I try to get onto Generation Y, the page of the famous Cuban dissident Yoani Sánchez, but end up with an error message.  I know that Sánchez is closely monitored in Cuba and she often sends her messages and tweets by telephone to a trusted contact, probably in Florida, and they are posted on the web from there. Her blog describes daily life in Cuba with the cultivated monotony of an entomologist: the constant food shortages, the failing public transport, the widespread corruption, and the child prostitution. This dispassionate style and its meticulous exposition of the facts, figures and bureaucratic embargos is more effective than any pamphlet as a description of daily life under a dictatorship. Of course, this site which has approximately fourteen million individual visitors a month, has more readers in Little Havana – Miami’s Cuban neighbourhood and the headquarters of the Cuban counterrevolution – than in Havana itself. But, although he cannot read it, Camilo knows this blog exists and, he says with a broad smile, “that’s enough to make my day.” Camilo is pragmatic and calm, expressing himself in prose, a far cry from Castro’s poetic language.

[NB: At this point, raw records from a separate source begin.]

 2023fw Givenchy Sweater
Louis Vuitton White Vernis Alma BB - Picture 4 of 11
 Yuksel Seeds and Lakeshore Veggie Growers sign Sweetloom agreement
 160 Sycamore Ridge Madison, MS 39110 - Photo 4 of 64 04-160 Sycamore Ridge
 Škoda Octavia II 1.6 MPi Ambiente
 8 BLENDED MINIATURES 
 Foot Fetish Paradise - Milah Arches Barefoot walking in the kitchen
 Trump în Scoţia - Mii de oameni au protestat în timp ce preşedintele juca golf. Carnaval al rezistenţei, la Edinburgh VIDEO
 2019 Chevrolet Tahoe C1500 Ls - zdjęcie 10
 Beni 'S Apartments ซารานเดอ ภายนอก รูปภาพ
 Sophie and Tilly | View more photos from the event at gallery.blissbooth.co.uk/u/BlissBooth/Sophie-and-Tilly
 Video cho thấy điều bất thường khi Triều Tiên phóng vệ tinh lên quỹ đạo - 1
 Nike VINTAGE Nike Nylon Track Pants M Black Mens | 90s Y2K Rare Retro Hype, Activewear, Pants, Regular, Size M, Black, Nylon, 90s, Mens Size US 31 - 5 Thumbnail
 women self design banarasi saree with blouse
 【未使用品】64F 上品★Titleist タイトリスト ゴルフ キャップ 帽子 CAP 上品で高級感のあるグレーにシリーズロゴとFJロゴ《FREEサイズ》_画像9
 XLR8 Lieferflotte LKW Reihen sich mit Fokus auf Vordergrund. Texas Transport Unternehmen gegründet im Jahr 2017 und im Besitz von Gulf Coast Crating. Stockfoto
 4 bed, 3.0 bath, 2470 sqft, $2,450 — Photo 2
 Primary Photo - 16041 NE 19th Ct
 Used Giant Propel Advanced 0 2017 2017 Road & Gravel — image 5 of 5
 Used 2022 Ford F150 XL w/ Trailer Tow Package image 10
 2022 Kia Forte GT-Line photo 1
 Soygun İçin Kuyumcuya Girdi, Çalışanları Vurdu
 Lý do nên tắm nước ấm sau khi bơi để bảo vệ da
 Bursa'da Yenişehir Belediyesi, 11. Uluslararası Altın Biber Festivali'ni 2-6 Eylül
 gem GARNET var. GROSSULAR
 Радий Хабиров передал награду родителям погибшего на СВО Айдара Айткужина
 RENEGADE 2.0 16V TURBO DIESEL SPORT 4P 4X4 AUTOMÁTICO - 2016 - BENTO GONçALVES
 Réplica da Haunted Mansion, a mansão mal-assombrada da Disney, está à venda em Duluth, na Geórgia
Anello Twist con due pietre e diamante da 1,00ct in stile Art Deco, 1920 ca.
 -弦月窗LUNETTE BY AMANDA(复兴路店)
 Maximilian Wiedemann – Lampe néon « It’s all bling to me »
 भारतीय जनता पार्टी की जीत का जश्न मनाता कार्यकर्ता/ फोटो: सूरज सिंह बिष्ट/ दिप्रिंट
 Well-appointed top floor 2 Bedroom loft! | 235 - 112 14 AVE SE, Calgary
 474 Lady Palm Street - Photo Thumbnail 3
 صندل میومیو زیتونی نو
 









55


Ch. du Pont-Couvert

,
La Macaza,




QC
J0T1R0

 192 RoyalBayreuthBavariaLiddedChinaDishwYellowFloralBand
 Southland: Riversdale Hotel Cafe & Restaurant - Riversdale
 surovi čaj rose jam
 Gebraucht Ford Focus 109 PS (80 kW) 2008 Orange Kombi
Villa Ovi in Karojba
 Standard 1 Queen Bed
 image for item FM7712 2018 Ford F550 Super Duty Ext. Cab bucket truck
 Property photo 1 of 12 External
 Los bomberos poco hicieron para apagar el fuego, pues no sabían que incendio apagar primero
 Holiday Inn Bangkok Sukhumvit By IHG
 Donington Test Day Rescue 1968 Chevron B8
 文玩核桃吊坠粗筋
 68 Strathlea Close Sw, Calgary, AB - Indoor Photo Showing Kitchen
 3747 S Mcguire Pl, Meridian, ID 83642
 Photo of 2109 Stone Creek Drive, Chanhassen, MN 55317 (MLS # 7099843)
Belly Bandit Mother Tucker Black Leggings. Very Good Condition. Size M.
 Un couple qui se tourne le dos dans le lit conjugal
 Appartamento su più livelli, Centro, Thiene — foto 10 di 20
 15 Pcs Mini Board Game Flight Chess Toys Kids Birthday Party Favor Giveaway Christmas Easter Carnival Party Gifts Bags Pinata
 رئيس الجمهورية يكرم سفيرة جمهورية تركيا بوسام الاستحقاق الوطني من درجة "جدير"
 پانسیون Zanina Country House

The internet is filtered then in Cuba’s rare cybercafés, its universities and businesses.  “This internet café is a state run enterprise. There’s no way the regime would leave communications to the private sector,” Camilo points out fatalistically.  Every company, restaurants and farm in Cuba was nationalised in 1968, although in the last few years, Raúl Castro – Fidel’s younger brother and, at 83, the “new” president – has cautiously authorised small factories, micro-entrepreneurs, snack bars and some craftsmen and farmers. Along the walls lining Havana’s avenues there are giant portraits of Castro and Che Guevara almost everywhere, and alongside them are the overused nationalist and socialist slogans that have been done to death: “Viva la revolución”, “Viva Fidel”, “Patria o muerte” or “¡ Socialismo hoy, mañana, y siempre !”

To get a better internet connection you can always go to one of the big international hotels, such as the Habana Libre – which does not wear the freedom in its name at all well. Standing on 23rd Avenue, it is a luxury hotel, a former Hilton requisitioned and nationalised by Castro, and the internet speed there is slightly better. But you have to buy a card intended exclusively for foreigners, valid for a limited access period, and at an average price of six Euros per hour which is out of reach for the great majority of Cubans.

“The suffix ‘.cu’ is a mirage. No one ever sees it,” says Madelín ironically (her name has been changed). This former teacher in her early forties was paid twenty Euros a month for her state-run work. She now earns almost one hundred times more on the black market, by letting out just three rooms in her “habitación” close to the famous Malecón, Havana’s long avenue along the seafront. I am staying in this “casa particular” – a sort of bed & breakfast that can be booked by telephone or, from abroad, on, a Cuban site rather like Craigslist or Airbnb. Referring back to  ‘.cu’, Cuba’s dedicated national internet suffix, Madelín adds with the slightly wild optimism that often characterises Cubans, “At least the Cuban regime did what it took to get a suffix. North Korea hasn’t even asked for one!” And she is right: the ‘.kp’  suffix has not been requested, which confirms Pyongyang’s refusal to connect to the internet. The North Korean regime does not officially exist on the internet, unlike Cuba.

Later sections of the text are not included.